BEGIN Record excerpts
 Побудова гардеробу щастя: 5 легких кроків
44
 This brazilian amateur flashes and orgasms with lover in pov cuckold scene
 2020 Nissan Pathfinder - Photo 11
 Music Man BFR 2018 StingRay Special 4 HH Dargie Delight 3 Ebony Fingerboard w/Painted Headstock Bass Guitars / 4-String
END Record excerpts
BEGIN Record excerpts
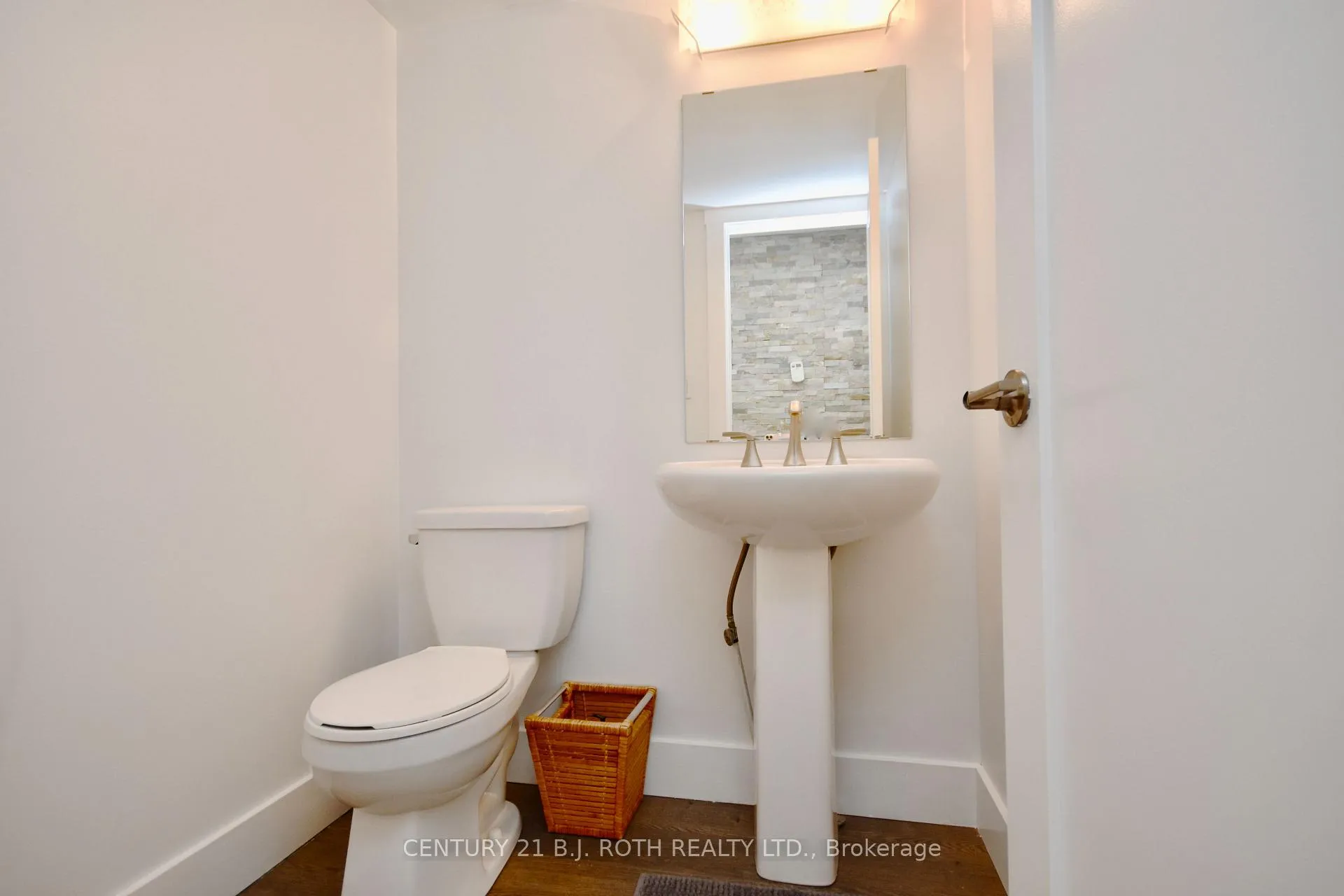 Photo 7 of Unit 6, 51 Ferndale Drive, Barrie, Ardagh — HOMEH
END Record excerpts
BEGIN Record excerpts
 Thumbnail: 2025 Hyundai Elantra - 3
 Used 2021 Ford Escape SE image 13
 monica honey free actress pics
END Record excerpts
Work to complete: Everything above from the line containing "Побудова гардеробу щастя: 5 легких кроків" down to the line containing "Music Man BFR" should be copied exactly, both end lines included, and nothing else.

Result:
 Побудова гардеробу щастя: 5 легких кроків
44
 This brazilian amateur flashes and orgasms with lover in pov cuckold scene
 2020 Nissan Pathfinder - Photo 11
 Music Man BFR 2018 StingRay Special 4 HH Dargie Delight 3 Ebony Fingerboard w/Painted Headstock Bass Guitars / 4-String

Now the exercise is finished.